◆ **Collected material**
§ §
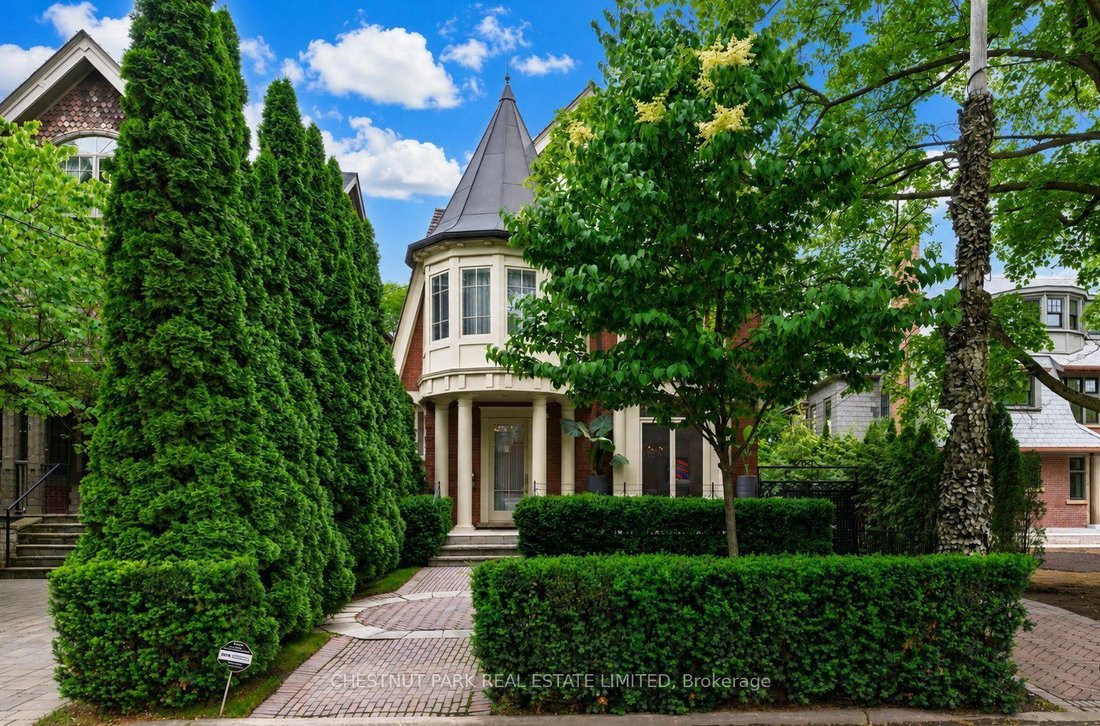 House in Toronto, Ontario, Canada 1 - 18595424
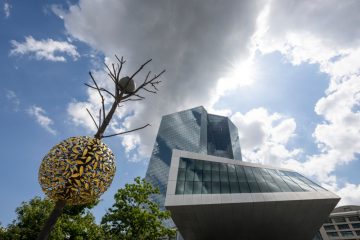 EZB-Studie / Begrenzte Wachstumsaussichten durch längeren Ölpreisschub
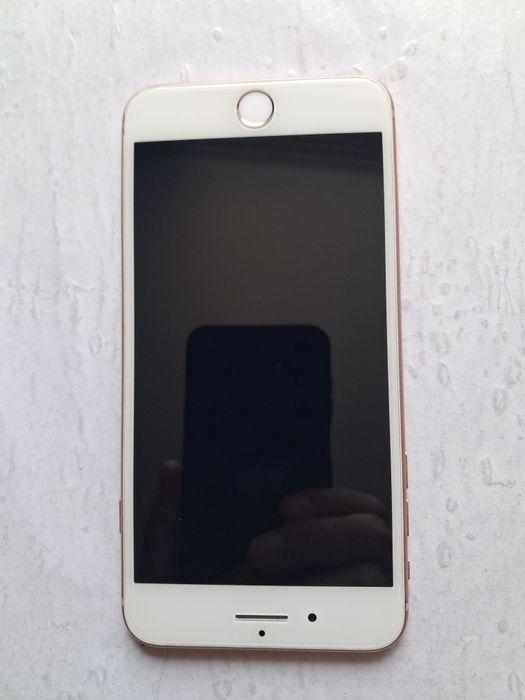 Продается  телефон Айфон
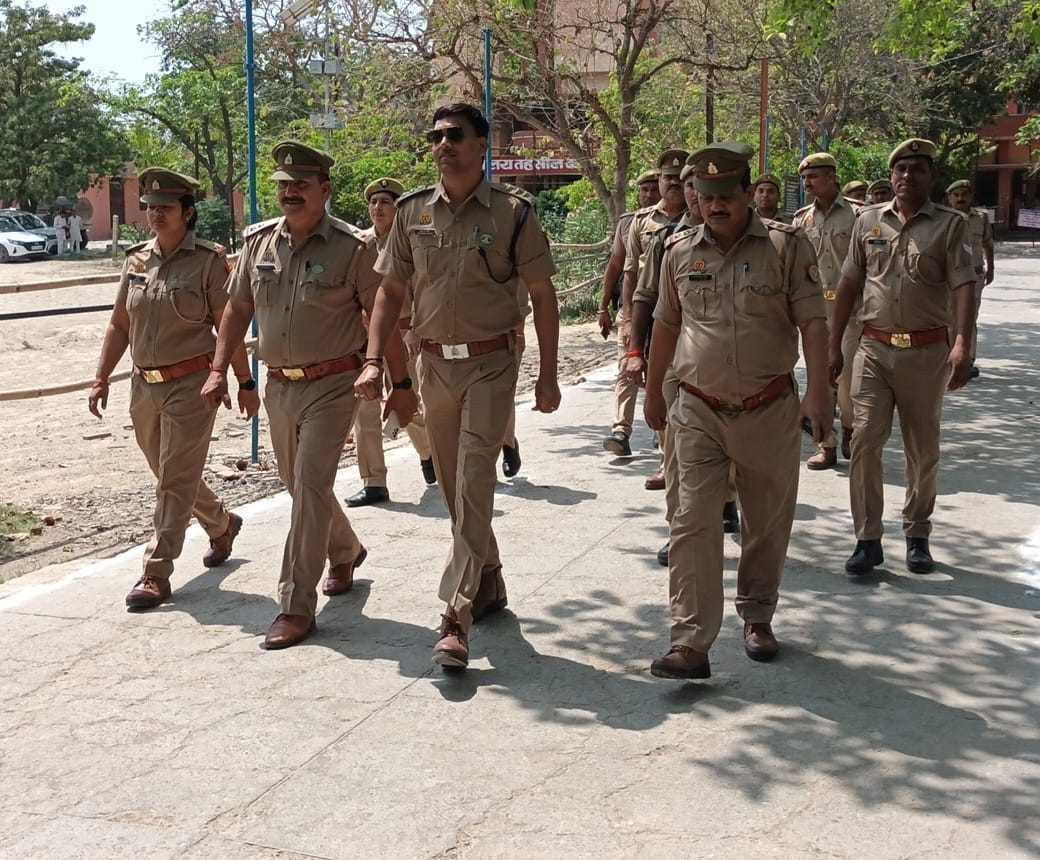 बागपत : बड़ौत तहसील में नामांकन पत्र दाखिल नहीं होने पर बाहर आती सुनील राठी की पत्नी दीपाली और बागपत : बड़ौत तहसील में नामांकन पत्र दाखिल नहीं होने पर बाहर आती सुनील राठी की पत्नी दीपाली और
§ §
◆ **Task requirements**
Pictures aside, transcribe exactly the lines from the line containing "EZB-Studie / Begrenzte" through the final line of the material above.

◆ **Output for this exercise**
 EZB-Studie / Begrenzte Wachstumsaussichten durch längeren Ölpreisschub
 Продается  телефон Айфон
 बागपत : बड़ौत तहसील में नामांकन पत्र दाखिल नहीं होने पर बाहर आती सुनील राठी की पत्नी दीपाली और बागपत : बड़ौत तहसील में नामांकन पत्र दाखिल नहीं होने पर बाहर आती सुनील राठी की पत्नी दीपाली और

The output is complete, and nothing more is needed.